Unsur-unsur yang dapat
diperhatikan adalah: 1). “Kini aku nyala” dalam puisi Abdul Hadi WM yang tegas
dibuat gamang dalam puisi SD menjadi “aku ingin sekali menjadi nyala”; dan 2).
Pada “lampu padammu” dalam puisi Abdul Hadi WM dieksekusi SD dalam puisinya
menjadi “di depan kakimu”. Kedekatannya semakin terasa saat melihat kata
depan “pada” (kata depan pada menandai hubungan tempat dan waktu) dalam puisi
Abdul Hadi WM dan “di” (kata depan di menandai hubungan tempat beradanya
sesuatu) dalam puisi SD. “Aku tak ingin hidup lagi // walau kau beri aku surge
// aku sudah kecewa” (Pertanyaan Untuk Eskatologi-Mu, hal 93). “Hingga hilang
pedih peri // Dan aku akan lebih tidak peduli // Aku mau hidup seribu tahun
lagi” (Chairil Anwar, 1943, Aku).
Berbeda dengan
contoh-contoh sebelumnya, kedekatan puisi “Pertanyaan Untuk Eskatologi-Mu”

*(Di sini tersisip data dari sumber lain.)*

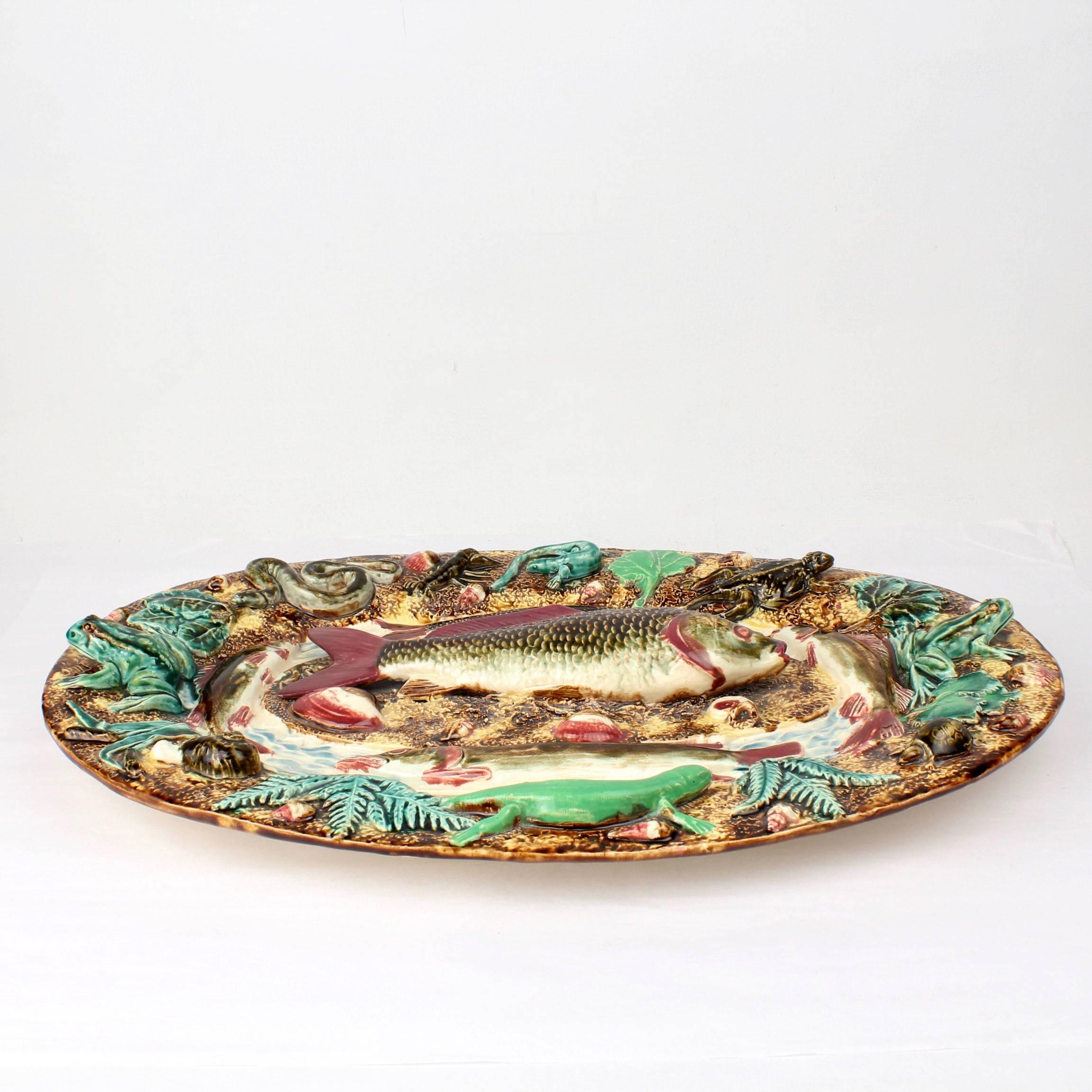 Pottery Antique French Palissy Majolica Fish Tray or Charger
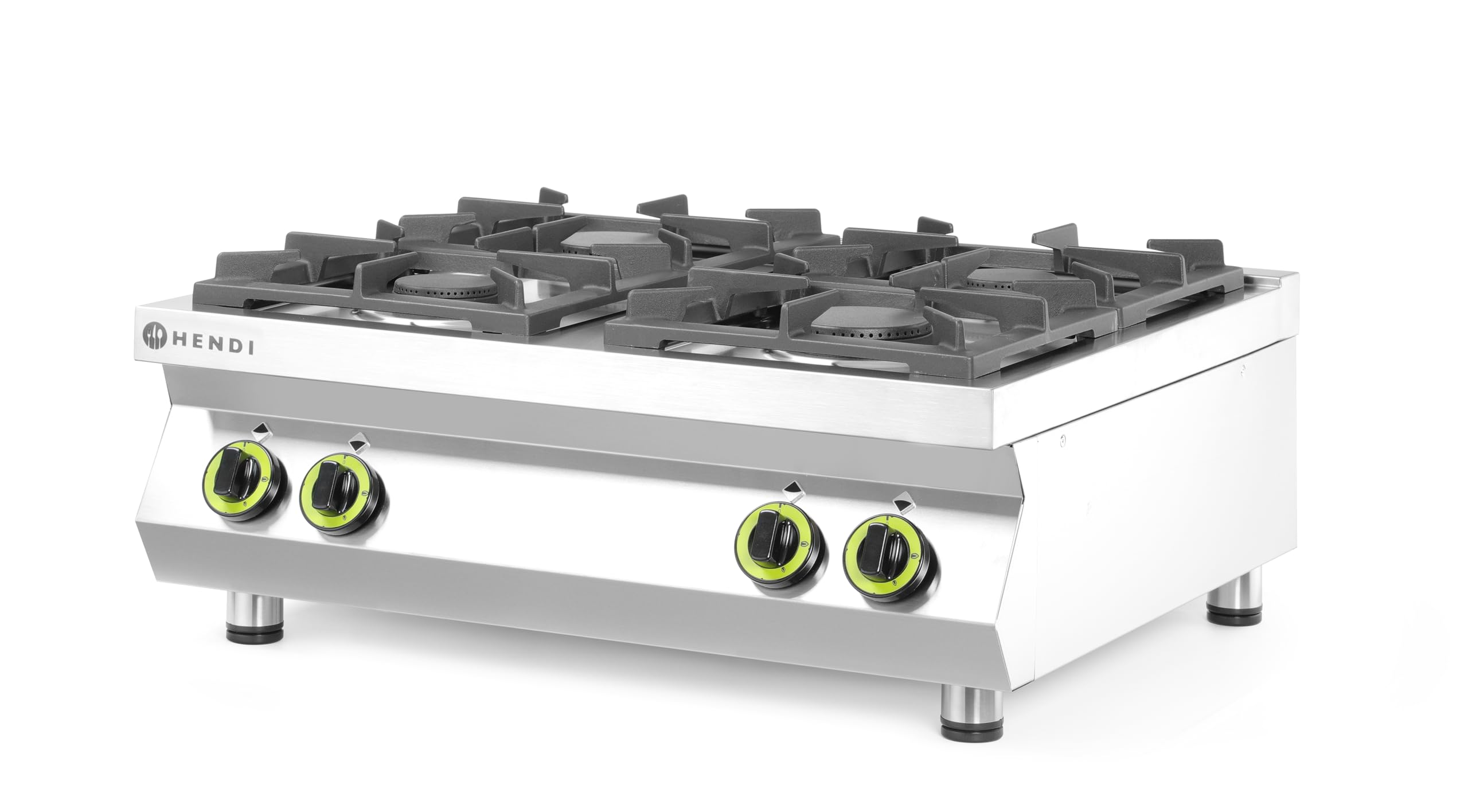 HENDI Gazinière, 4 brûleurs : 2x 6kW - 2x 3.5kW, modèle de table, supports de casseroles en fonte, convient pour le gaz naturel, avec kit de conversion pour le GPL, 19kW, 800x700x(H)310mm, inox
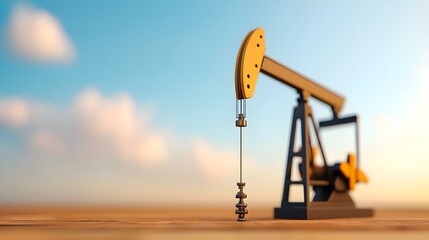 Oil Derrick Pump Against Blue Sky with Clouds on a Sunny Day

karya SD dengan puisi “Aku” karya Chairil Anwar terlihat sebagai
pertentangan/antetisis terutama pada bagian “Aku mau hidup seribu tahun lagi”
(Chairil) dan “Aku tak ingin hidup lagi” (SD). Selain itu, juga dapat ditemukan
pada bagian berikut ini: 1). “Aku” sama-sama sebagai kata pembuka larik; 2).

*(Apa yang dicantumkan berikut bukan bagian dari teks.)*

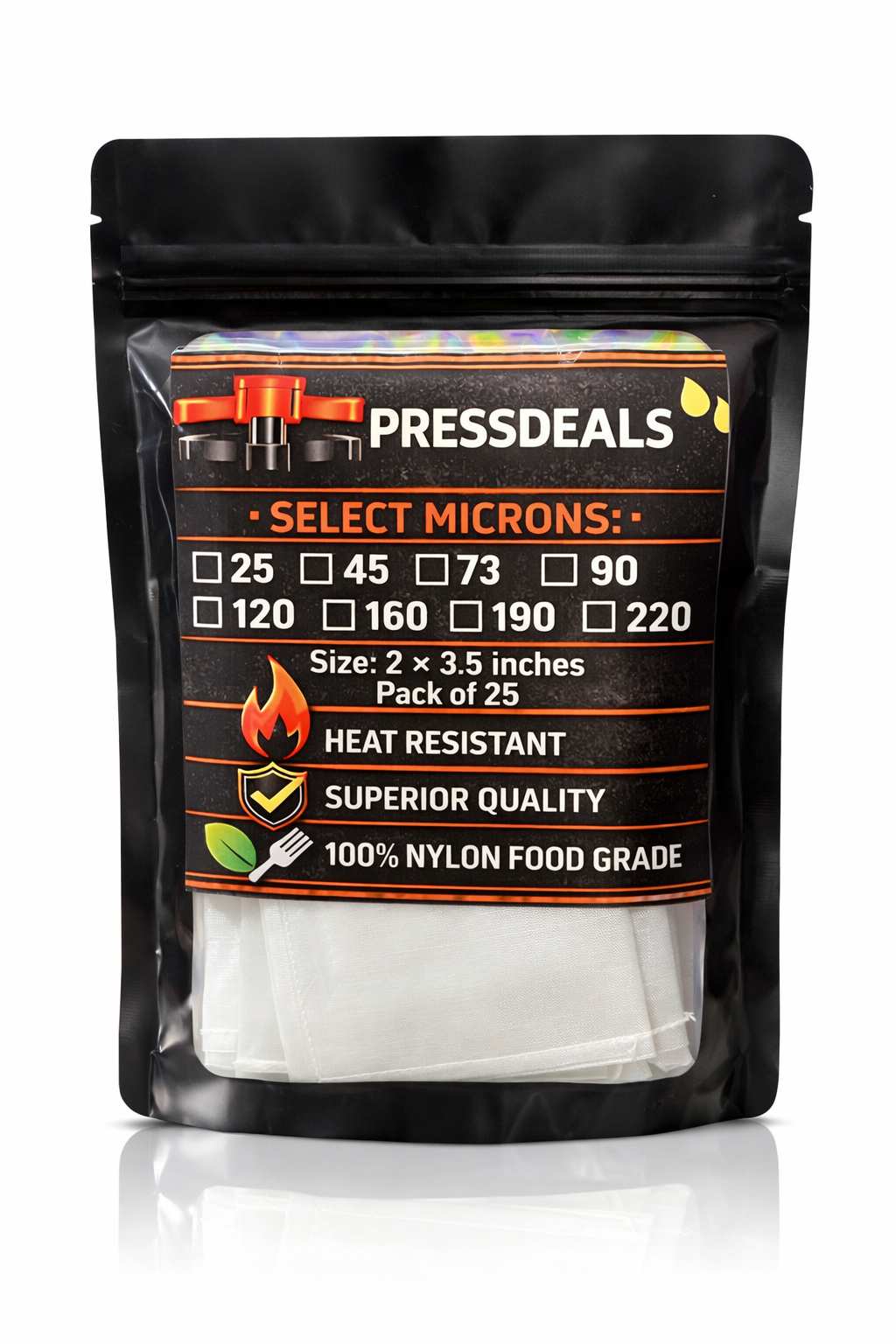 Pressdeals Nylon Filter Bags - 25, 73, 90 and 120 Micron for Rosin Press
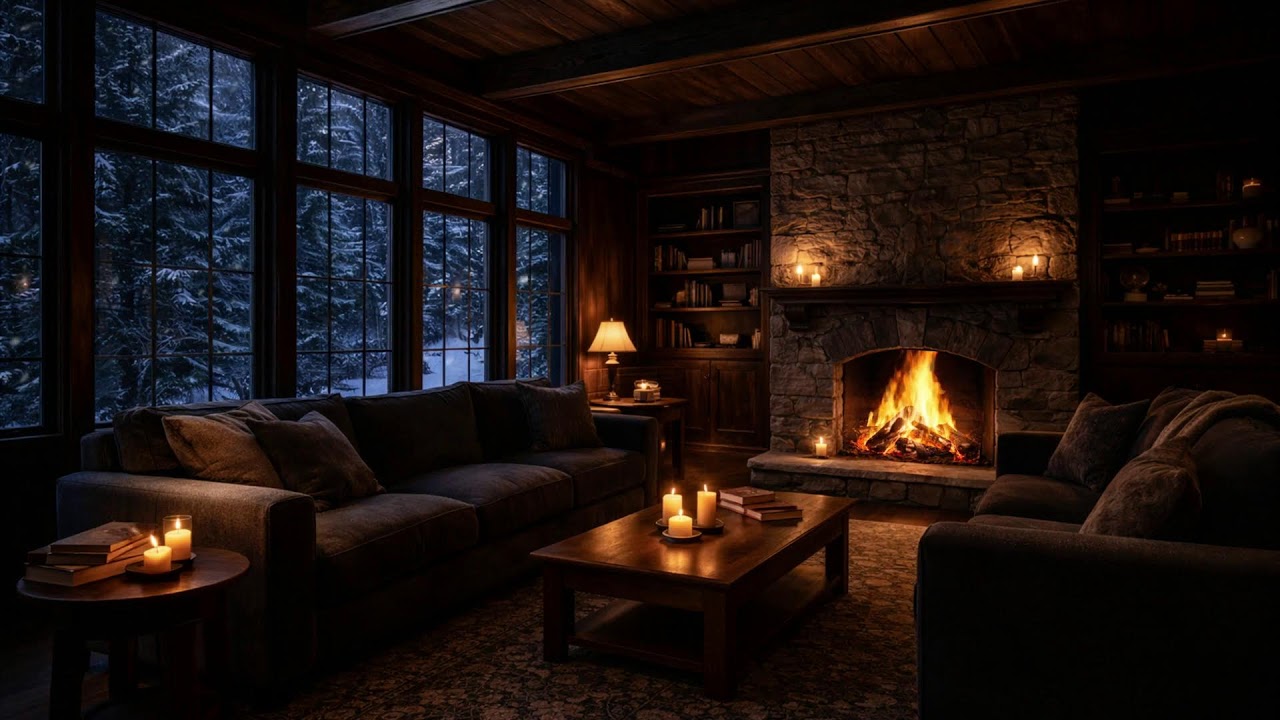 🔥 No Ads — Quiet Winter Lodge Living Room 🔥 Slow Fireplace Burn & Ambient Candlelight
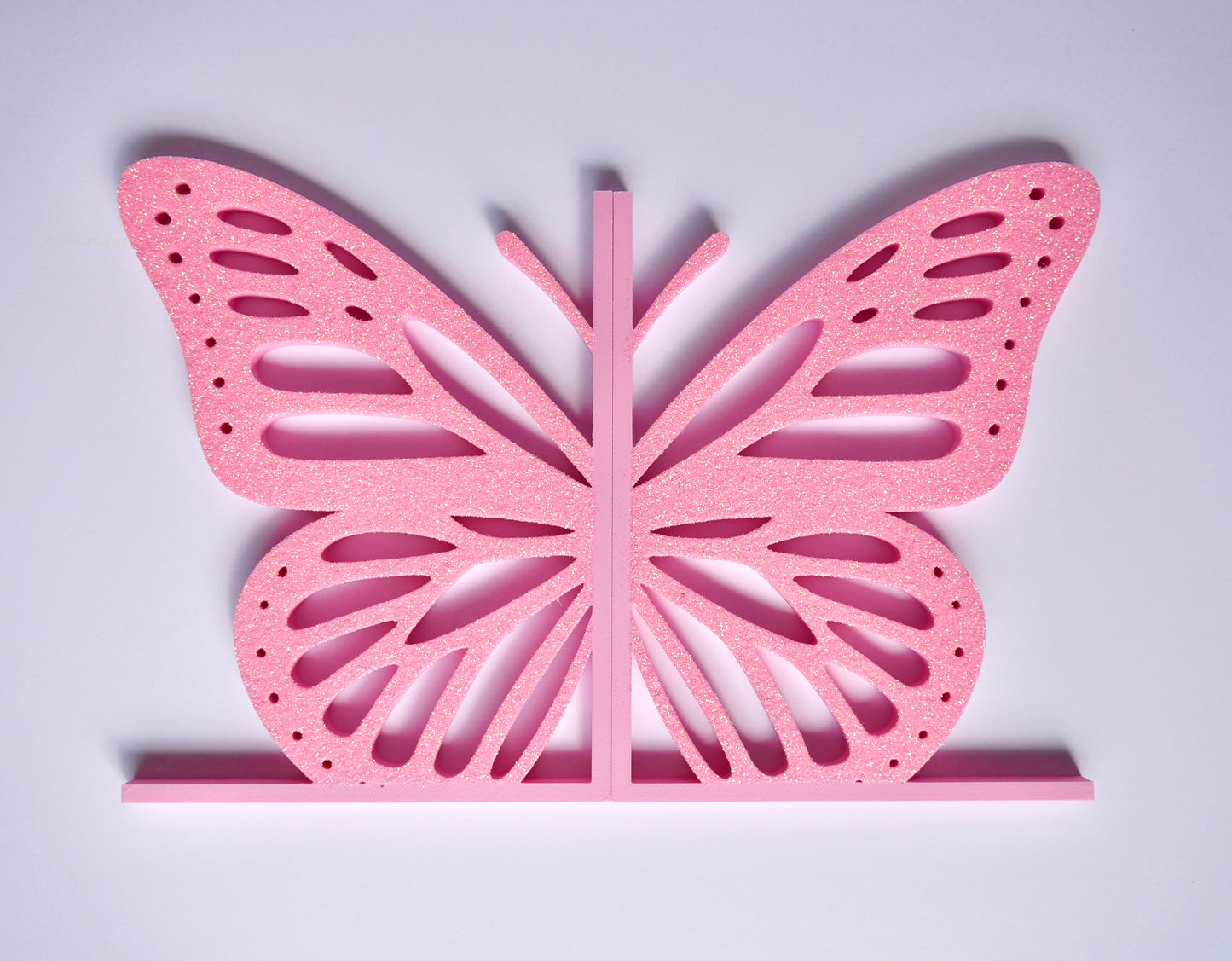 3D Printed Butterfly Bookends – Custom Colors, Glitter Finish, Interlocking Design for Bookshelf Décor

“Mau” (Chairil) menjadi “tak ingin” atau kalau dipertegas menjadi “tidak mau”
(Sulaiman); 3). “Hidup” yang ditulis Chairil juga ditulis “hidup” oleh SD; 4).

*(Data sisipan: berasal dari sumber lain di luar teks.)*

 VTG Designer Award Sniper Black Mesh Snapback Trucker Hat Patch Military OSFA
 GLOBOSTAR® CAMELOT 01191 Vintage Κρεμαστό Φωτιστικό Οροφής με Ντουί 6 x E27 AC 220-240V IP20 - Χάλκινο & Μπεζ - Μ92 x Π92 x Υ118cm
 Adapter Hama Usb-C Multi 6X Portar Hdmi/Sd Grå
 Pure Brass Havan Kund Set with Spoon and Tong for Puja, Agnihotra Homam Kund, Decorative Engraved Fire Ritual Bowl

“Lagi” sebagai penutup dalam puisi Chairil juga ditulis “lagi” sebagai penutup
dalam puisi SD.
Bagaimana pun setiap
manusia memang selalu dipengaruhi oleh segala hal yang berinteraksi dengan
dirinya. Baik interaksi sosial (manusia kepada manusia), interaksi alam
(manusia dengan alam) dan interaksi ketuhanan (manusia dengan Tuhan). Karena
itu fitrah, bahkan Gunawan Mohamad lebih ekstrim, ia mengatakan bahwa
orisinalitas mengacu ke masa lalu sementara hari ini dan untuk masa depan hanya
ada kreativitas. Meski saya tidak sependapat dengan pendapat
tersebut, karena manusia yang selalu mencari akhirnya akan menemu juga—menemu
sesuatu yang baru meski berangkat dari kreativitas.